§ ASSIGNMENT
Restate the following records word for word without images.

|---|

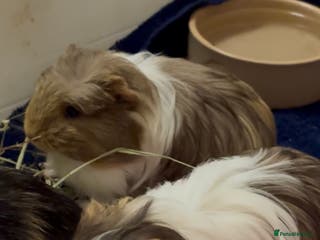 Guinea Pig rodents 2 Beautiful long haired girls - Advert 2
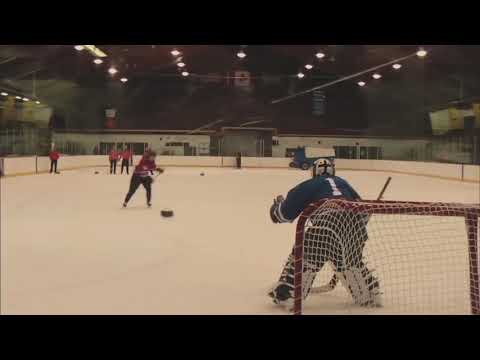 The hardest shot ever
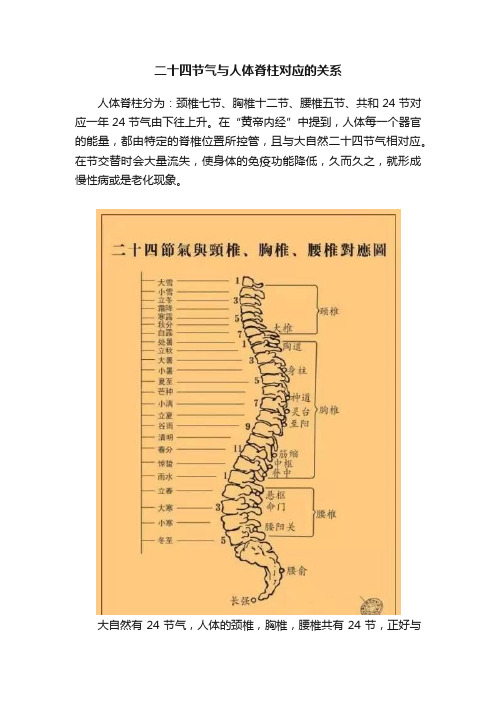 二十四节气与人体脊柱对应的关系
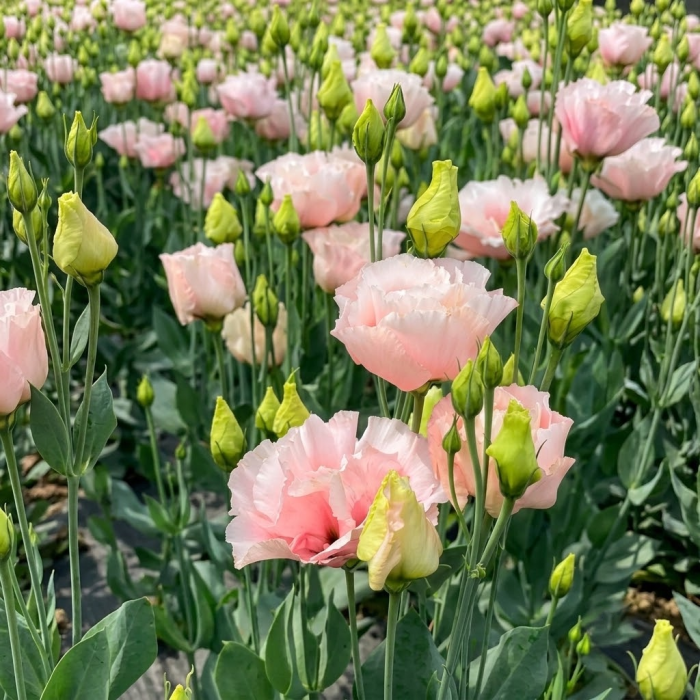 Фото Эустома Мариачи F1 Мисти Пинк (Mariachi F1 Misty Pink)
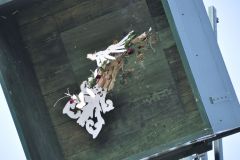 Vogelschiessen_2019_10388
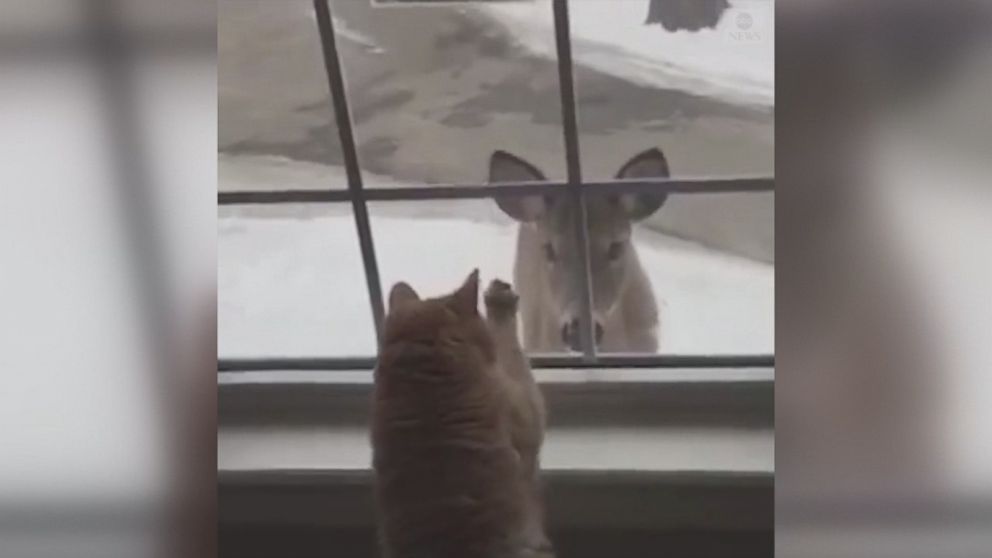 Deer Cat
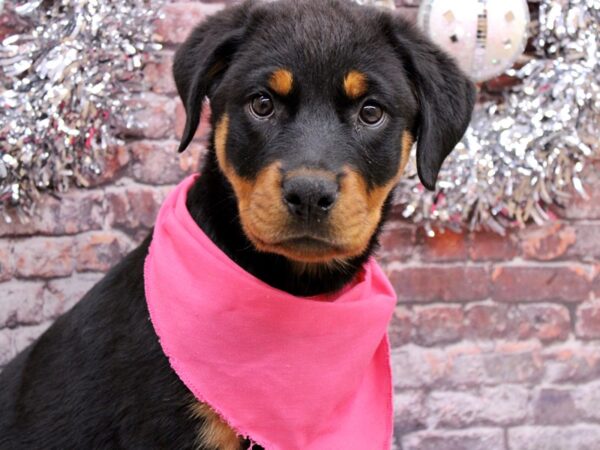 Rottweiler Dog Female Black and Rust 17540 Petland Wichita, Kansas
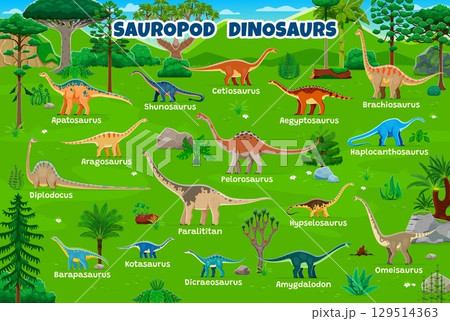 Prehistoric sauropod dinosaurs infographics. Cartoon vector dino species in green jungle. Ancient reptiles with names educational chart with terrain herbivore Jurassic era creatures, extinct dinosaurs 129514363
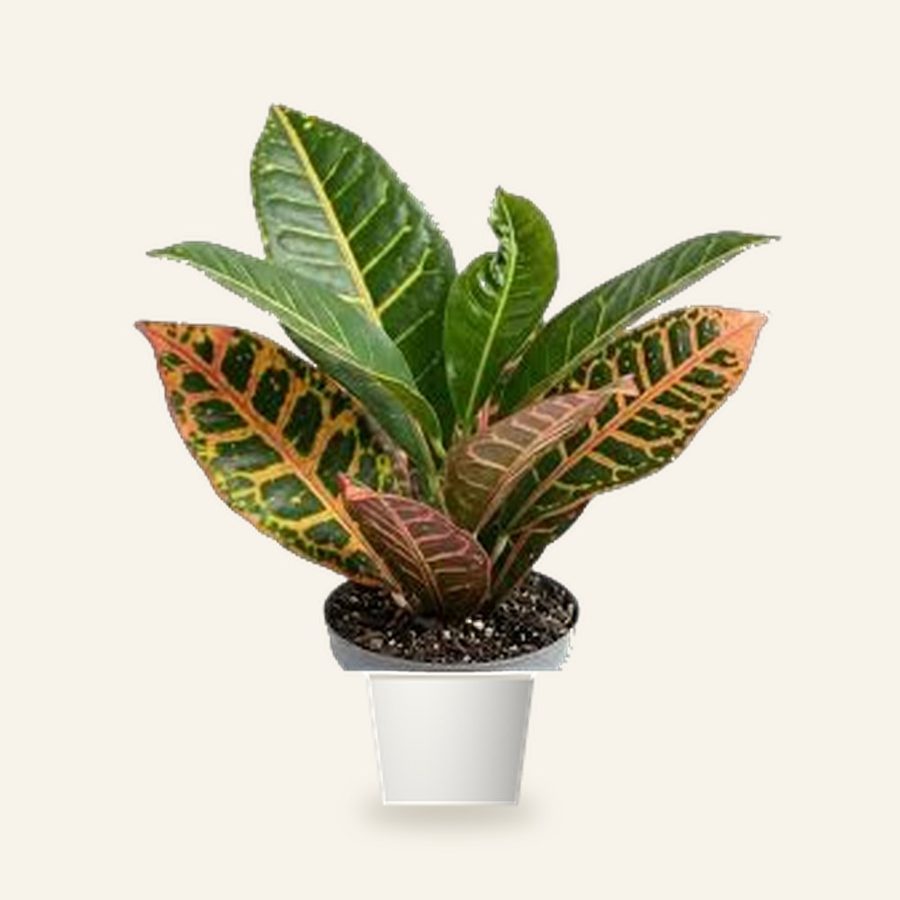 Croton Petra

|---|

§ YOUR RESPONSE
 Guinea Pig rodents 2 Beautiful long haired girls - Advert 2
 The hardest shot ever
 二十四节气与人体脊柱对应的关系
 Фото Эустома Мариачи F1 Мисти Пинк (Mariachi F1 Misty Pink)
 Vogelschiessen_2019_10388
 Deer Cat
 Rottweiler Dog Female Black and Rust 17540 Petland Wichita, Kansas
 Prehistoric sauropod dinosaurs infographics. Cartoon vector dino species in green jungle. Ancient reptiles with names educational chart with terrain herbivore Jurassic era creatures, extinct dinosaurs 129514363
 Croton Petra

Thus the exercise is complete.